-- What is required --
Output the listing word for word, minus images.
** Provided entries follows **
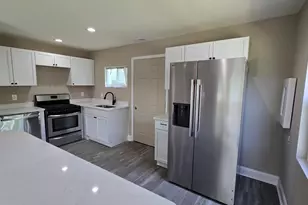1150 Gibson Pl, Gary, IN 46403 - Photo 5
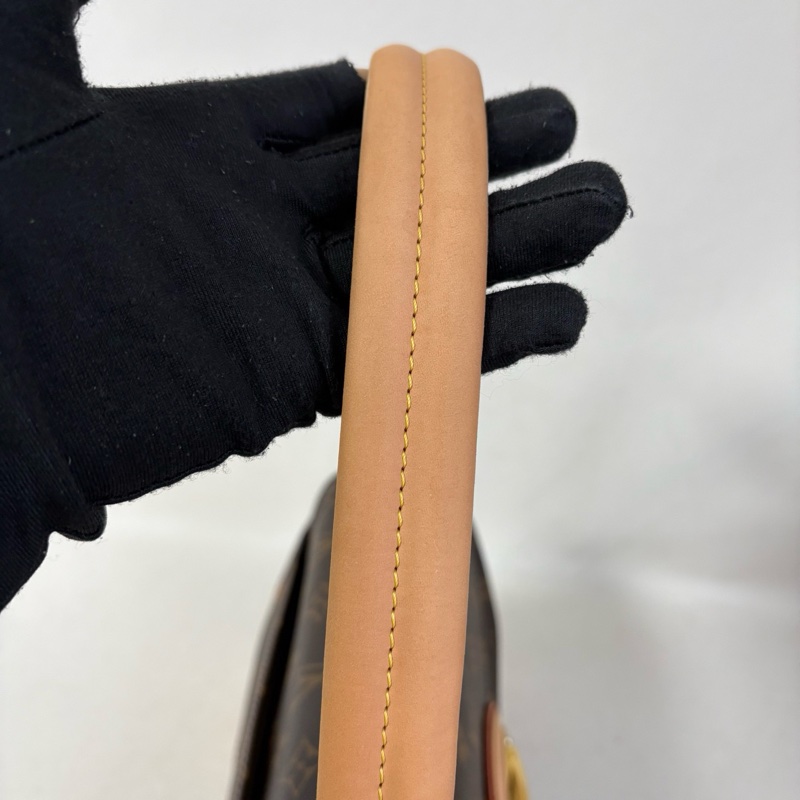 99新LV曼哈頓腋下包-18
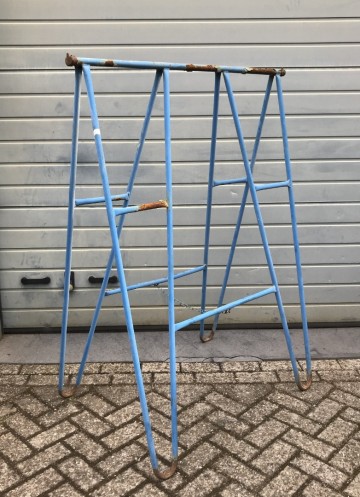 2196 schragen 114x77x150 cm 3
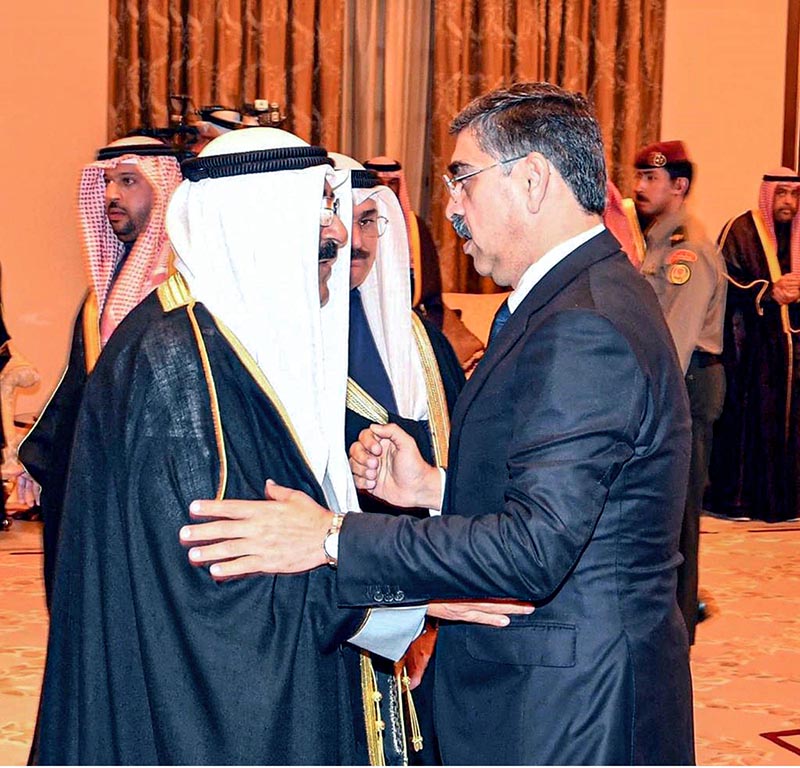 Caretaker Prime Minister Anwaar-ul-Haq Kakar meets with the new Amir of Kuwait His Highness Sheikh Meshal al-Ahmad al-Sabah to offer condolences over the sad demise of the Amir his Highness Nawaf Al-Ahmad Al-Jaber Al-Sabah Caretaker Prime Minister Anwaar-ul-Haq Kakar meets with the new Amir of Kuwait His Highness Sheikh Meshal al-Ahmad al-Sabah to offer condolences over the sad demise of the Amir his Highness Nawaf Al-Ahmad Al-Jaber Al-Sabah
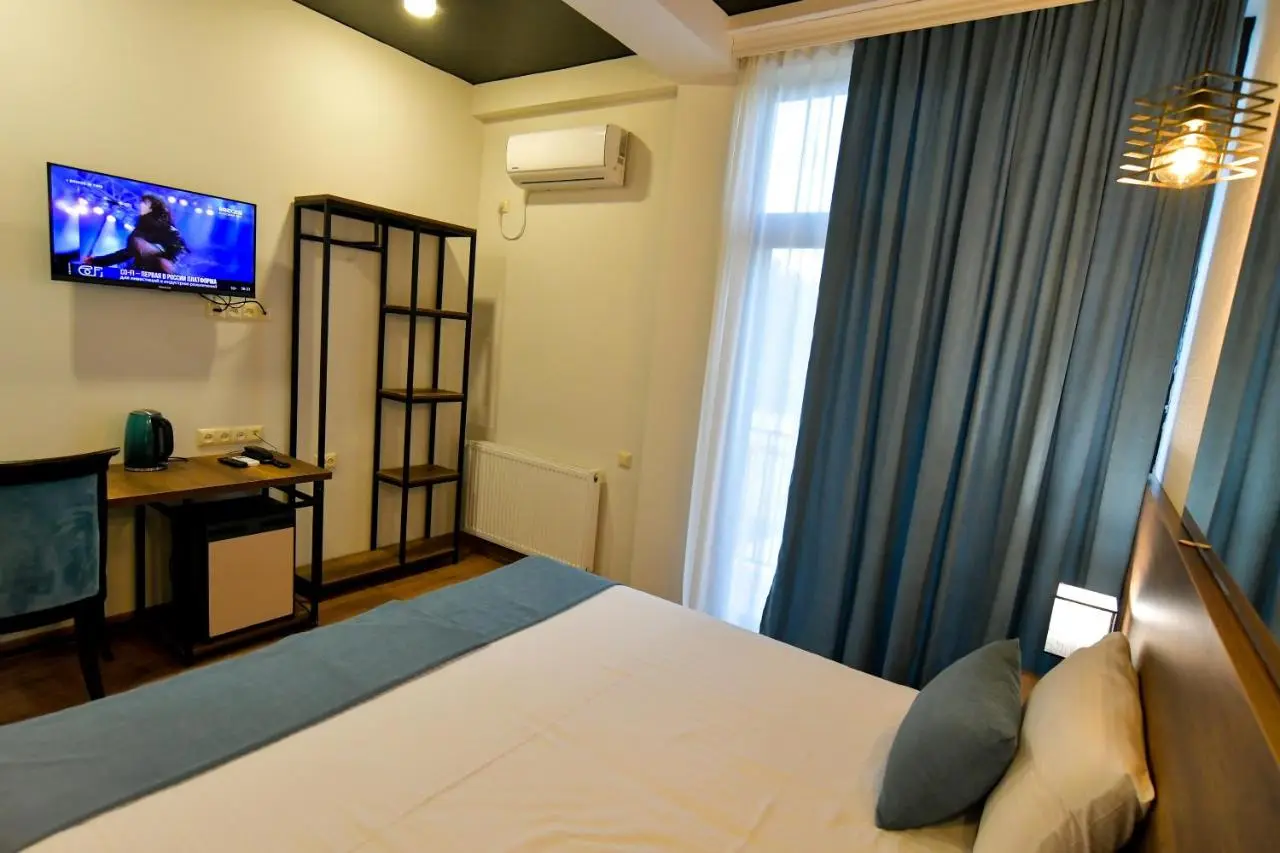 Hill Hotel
** End of Provided entries **
-- Solution to the exercise --
1150 Gibson Pl, Gary, IN 46403 - Photo 5
 99新LV曼哈頓腋下包-18
 2196 schragen 114x77x150 cm 3
 Caretaker Prime Minister Anwaar-ul-Haq Kakar meets with the new Amir of Kuwait His Highness Sheikh Meshal al-Ahmad al-Sabah to offer condolences over the sad demise of the Amir his Highness Nawaf Al-Ahmad Al-Jaber Al-Sabah Caretaker Prime Minister Anwaar-ul-Haq Kakar meets with the new Amir of Kuwait His Highness Sheikh Meshal al-Ahmad al-Sabah to offer condolences over the sad demise of the Amir his Highness Nawaf Al-Ahmad Al-Jaber Al-Sabah
 Hill Hotel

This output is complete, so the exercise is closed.